The land donated to the trust also includes formal gardens which are not open to the public — “they are in a state of slight disrepair,” Laura explains — and several buildings of historical importance, such as a Victorian bath house, which was originally fed by water from a stream, and a row of houses known as the laundry cottages. “There is a boiling tub in one cottage, and another was probably the head gardener’s cottage. There was also a schoolroom there for the workers’ children — it’s derelict now, and there’s a lesser horseshoe bat maternity roost there.”
The trust is aiming to make use of information about the past management of the estate to inform its future actions. The focus is currently on the 18th century walled garden, one of two adjacent gardens designed by John Rogers soon after he inherited Penrose in 1772. The other is still leased to the Rogers family. “We only know bits and bobs about the history of the walled garden. We haven’t found any historical planting plans,” says Laura. “No doubt they would have cultivated things like raspberries and leeks.
“We have two black and white aerial photos from the 1950s, which show that it was cultivated then. Daffodils come up here every year, which must be a relic of when they grew cut flowers. They also had beehives, and there are shreds of wire, so they definitely used the walls for growing soft fruit. There was a glasshouse which was probably heated, as there is pipework running through, and a nice little dipping pond is still here. We know that the walled garden had stopped being used by the 1960s. What the trust did was turn it into a tree nursery. Conifer trees were planted there and sold locally as Christmas trees.”
The walled garden as a tree nursery. Photograph: courtesy National Trust
The trust has re-introduced vegetable beds in the shelter of the south-facing wall, and is growing a range of crops including beetroot, spinach, chard, swede, turnips, sweet peppers and lettuce, along with mustard and buckwheat as green manure.
Growing against other walls are fruitful pear espaliers and a thriving Kea plum tree.
A range of other fruit trees have been planted in the centre of the garden, to break up the monoculture of the lawn.
They include a white mulberry which commemorates 45 years of the twinning link between Helston and Sasso Marcon: the tree was brought all the way from Italy by public transport, says Laura.
In one corner of the walled garden is a nascent wildlife area, with a bug hotel and logpile, and Laura also hopes to establish a wildflower meadow. An enclosed area in the lawn is home to an old cold frame, where it is thought cucumbers were once grown. It is now enjoying new life as a herb bed.
A plaque commemorates Mike Lemon, a volunteer gardener who died last year. He is described as “a man of Helston who put service to the community before self”. Laura adds her own tribute: “He was wonderful”. The trust has no employed gardeners at Penrose — the Rogers family once had 12 in the formal gardens alone — and without volunteers like Mike, it would be difficult for the planned restoration to become a reality.

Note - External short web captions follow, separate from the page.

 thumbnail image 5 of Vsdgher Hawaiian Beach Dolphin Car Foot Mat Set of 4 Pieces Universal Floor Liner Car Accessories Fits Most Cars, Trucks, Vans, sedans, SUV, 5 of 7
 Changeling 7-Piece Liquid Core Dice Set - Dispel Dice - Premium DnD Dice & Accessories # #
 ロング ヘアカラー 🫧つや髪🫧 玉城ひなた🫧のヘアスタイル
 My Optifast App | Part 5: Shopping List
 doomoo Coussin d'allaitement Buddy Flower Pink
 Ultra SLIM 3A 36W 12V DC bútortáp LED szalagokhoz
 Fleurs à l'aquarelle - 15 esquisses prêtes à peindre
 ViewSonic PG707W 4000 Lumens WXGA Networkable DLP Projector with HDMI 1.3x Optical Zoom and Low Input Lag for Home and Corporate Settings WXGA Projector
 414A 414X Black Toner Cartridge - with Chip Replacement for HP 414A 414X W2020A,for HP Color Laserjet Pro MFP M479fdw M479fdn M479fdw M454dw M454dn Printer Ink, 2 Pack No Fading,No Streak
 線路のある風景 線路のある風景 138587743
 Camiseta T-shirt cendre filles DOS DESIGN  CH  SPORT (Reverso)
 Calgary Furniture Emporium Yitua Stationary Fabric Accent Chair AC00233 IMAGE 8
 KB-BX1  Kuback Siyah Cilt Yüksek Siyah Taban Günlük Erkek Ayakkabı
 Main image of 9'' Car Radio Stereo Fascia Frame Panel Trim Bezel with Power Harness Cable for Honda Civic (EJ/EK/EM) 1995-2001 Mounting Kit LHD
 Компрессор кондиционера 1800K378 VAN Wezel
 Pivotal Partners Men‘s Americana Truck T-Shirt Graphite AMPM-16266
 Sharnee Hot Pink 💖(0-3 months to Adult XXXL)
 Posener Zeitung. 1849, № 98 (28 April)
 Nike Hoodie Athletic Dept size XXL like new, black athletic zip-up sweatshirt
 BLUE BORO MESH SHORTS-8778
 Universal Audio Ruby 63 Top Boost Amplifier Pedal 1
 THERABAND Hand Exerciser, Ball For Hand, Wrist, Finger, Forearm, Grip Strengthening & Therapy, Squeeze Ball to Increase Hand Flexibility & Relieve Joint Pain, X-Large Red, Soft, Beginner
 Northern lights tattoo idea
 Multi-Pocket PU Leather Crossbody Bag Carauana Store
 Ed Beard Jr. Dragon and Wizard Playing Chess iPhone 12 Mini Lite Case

Of the walled garden, Laura says: “We’re sensitive to the history of the place, but it’s not going to be a renovation back to how it was. We like the idea of it not being an extremely manicured area — it’s nice to allow people to have a picnic here and enjoy this lovely space. The local Scouts and Beavers have taken on a plot, and another is being used for a gardening course run by Cornwall Neighbourhoods for Change, so it really is a community space.
“Local people used to walk past, thinking: ‘What’s behind these walls?’. Now we can say: ‘Come on in!’.” The Apple Festival provides the perfect opportunity to do just that.